June 24, 1993|ZAN STEWART | SPECIAL TO THE TIMES; Zan Stewart regularly writes about jazz for the Times.

Jazz and literature are quite complementary art forms, though you'd never know it from the scant amount of prose that has been written about what's been called "the sound of surprise" and where the improviser's role is to "tell a story."

Some writers have tackled the tricky problem of translating the sounds, rhythms and characters of the jazz milieu into fiction--Langston Hughes, James Baldwin, Julio Cortazar and Amiri Baraka among them--but not many.

Not surprisingly, then, there's not much jazz per se in "Arabian Jazz," Diana Abu-Jaber's inspired, often stunning debut contemporary novel about five months in the lives of a family of Arab-Americans who reside in Upstate New York. But who cares? This book is a lot like jazz: full of passion and feeling, replete with dynamic and rhythmic language that sparkles with color and invention.
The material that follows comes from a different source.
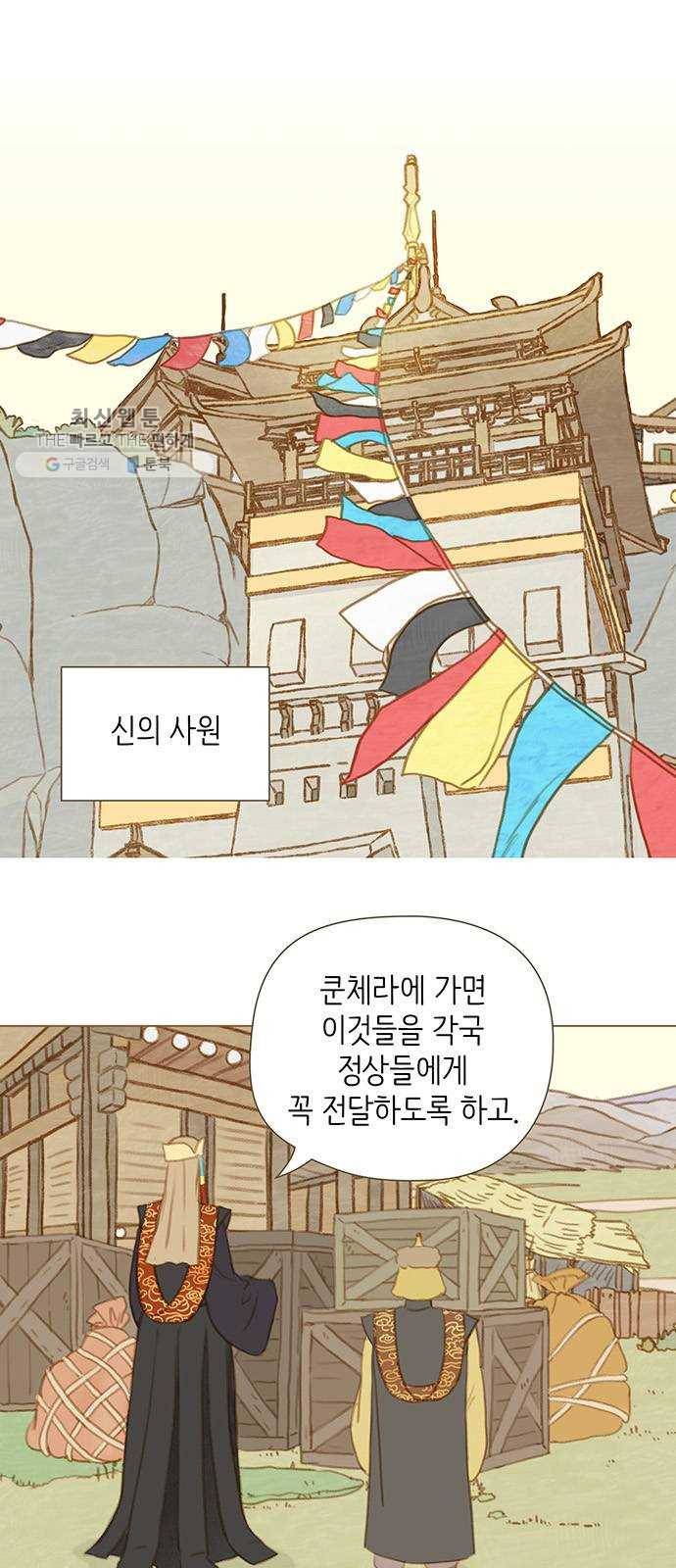 율리 8. 국경마을 울카라 1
Abu-Jaber's alternately dancing, detailed, melancholic and lyrical prose mirrors the crackling passages of a great jazz soloist like trumpeter Kenny Dorham, whose tone bubbled at the edges like a pancake just tossed on the greased griddle, his melodies a simultaneous paean to the openness of possibility and the certainty of loss.

"Arabian Jazz" centers around Matussem (Mat) Ramoud, a 50-year-old native of Jordan who moved to the United States 30 years ago, and his two daughters--Jemorah, 30, called Jem, and Melvina, 22, known as Melvie.
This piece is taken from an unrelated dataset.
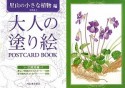 大人の塗り絵　POSTCARD　BOOK　里山の小さな植物編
This remarkable threesome live in relative comfort in Euclid, a fictional community near Syracuse, N.Y., where there is not only a small Jordanian enclave, but an extensive, poverty-level white population as well.

Forward motion in the life of the Ramouds has been stunted, primarily because of the death 20 years ago of Nora, Mat's wife and the girls' mother. Nora was an Irish-American with hair "like the color when the sun goes down." She died of typhus--she refused to be inoculated against it--on her sole journey to her husband's homeland.

Nora plagues the Ramouds like an agitated spirit. Mat can't talk about her, can't forget her: "When (he) opened his eyes each morning, Nora would still not be there. He was amazed by this."

Melvie seeks memories of the mother she never knew, excoriating her sister for withholding facts about their mother's death. Jem can't forget how her mother died as she watched, shocked how her father "could lie asleep while her mother turned to stone."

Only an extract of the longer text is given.